Abstract
Dietary factors show different effects on genetically diverse populations. Scientific research uses gene-environment interaction models to study the effects of dietary factors on genetically diverse populations for lung cancer risk. However, previous study designs have not investigated the degree of type I error inflation and, in some instances, have not corrected for multiple testing. Using a motivating investigation of diet-gene interaction and lung cancer risk, we propose a training and testing strategy and perform real-world simulations to select the appropriate statistical methods to reduce false-positive discoveries. The simulation results show that the unconstrained maximum likelihood (UML) method controls the type I error better than the constrained maximum likelihood (CML). The empirical Bayesian (EB) method can compete with the UML method in achieving statistical power and controlling type I error. We observed a significant interaction between SNP rs7175421 with dietary whole grain in lung cancer prevention, with an effect size (standard error) of −0.312 (0.112) for EB estimate. SNP rs7175421 may interact with dietary whole grains in modulating lung cancer risk. Evaluating statistical methods for gene-diet interaction analysis can help balance the statistical power and type I error.
Acknowledgments
The research data are from the dbGaP accession phs001286.v1.p1. We thank the National Cancer Institute (NCI) for access to NCI's data collected by the Prostate, Lung, Colorectal, and Ovarian Cancer Screening Trial, funded in whole or in part with federal funds from the NCI US National Institutes of Health (NIH). The datasets have been accessed through the NIH database for Genotypes and Phenotypes (dbGaP). The statements contained herein are solely those of the authors and do not represent or imply concurrence or endorsement by NCI.
Authors’ Contributions
JT and HP designed the study, applied for and analyzed the data, and wrote the article. WL helped apply for data and supervised the progress of the study. AEH, JH, and WL were involved in data interpretation. All authors critically revised the article and approved the final manuscript.

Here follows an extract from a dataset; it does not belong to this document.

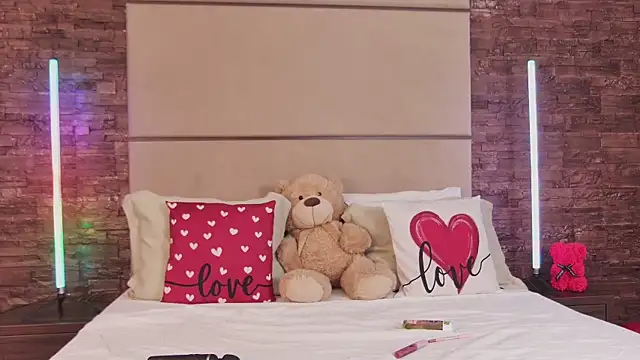 ErinHart online show from February 25, 2025, 9:04 pm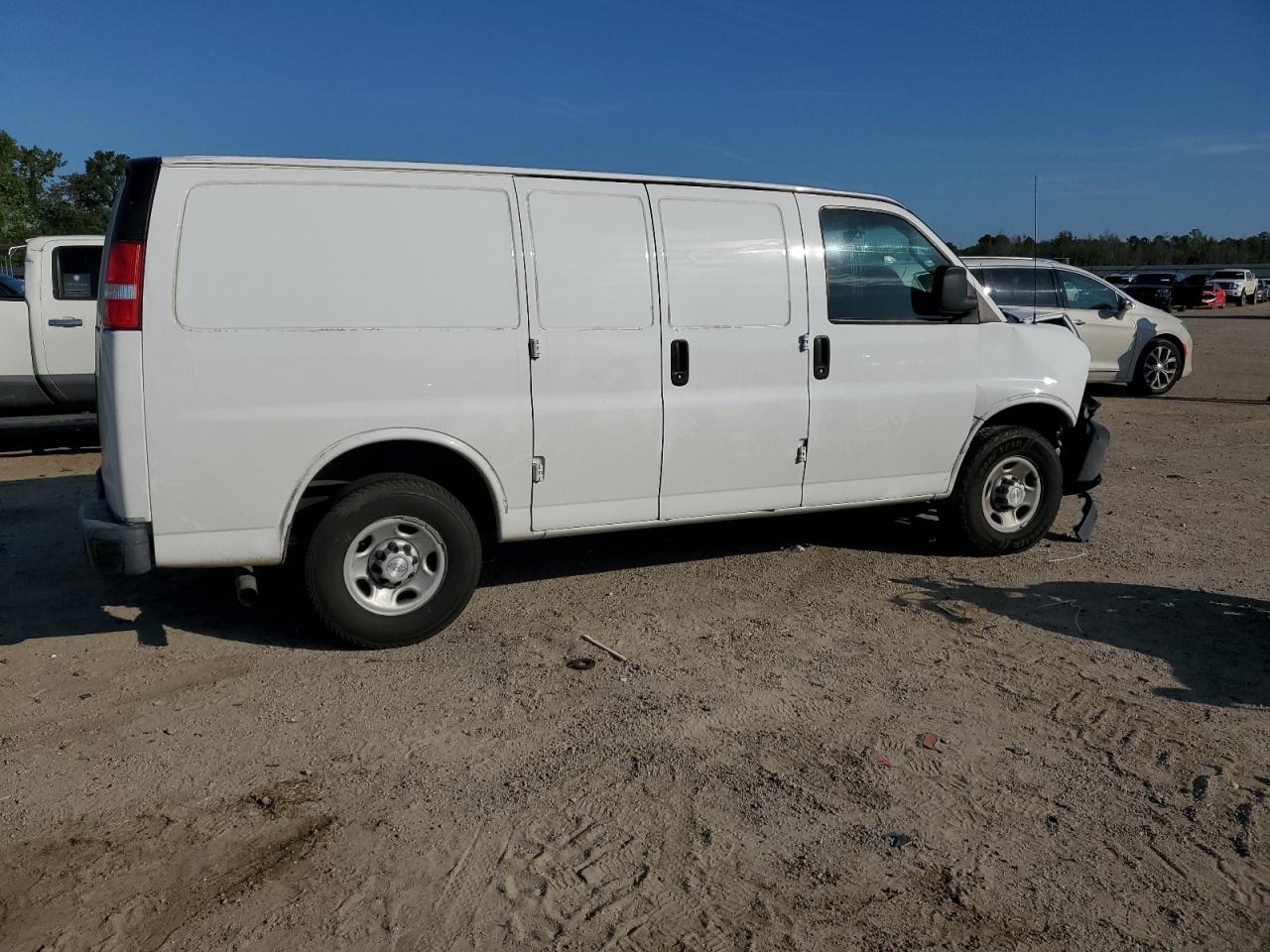 CHEVROLET EXPRESS G2 2018 white  flexible fuel 1GCWGAFG7J1331346 photo #4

Data Availability Statement
The data can be accessed via an application on the dbGaP website: https://www.ncbi.nlm.nih.gov/projects/gap/cgi-bin/study.cgi?study_id=phs001286.v1.p1
Ethical Approval
The study is approved by the University of Hong Kong Institutional Review Board (HKU/HA HKW IRB No. UW 18-577).
Disclosure Statement
HP reports personal fees from Genentech outside the submitted work. Other authors report there are no competing interests to declare.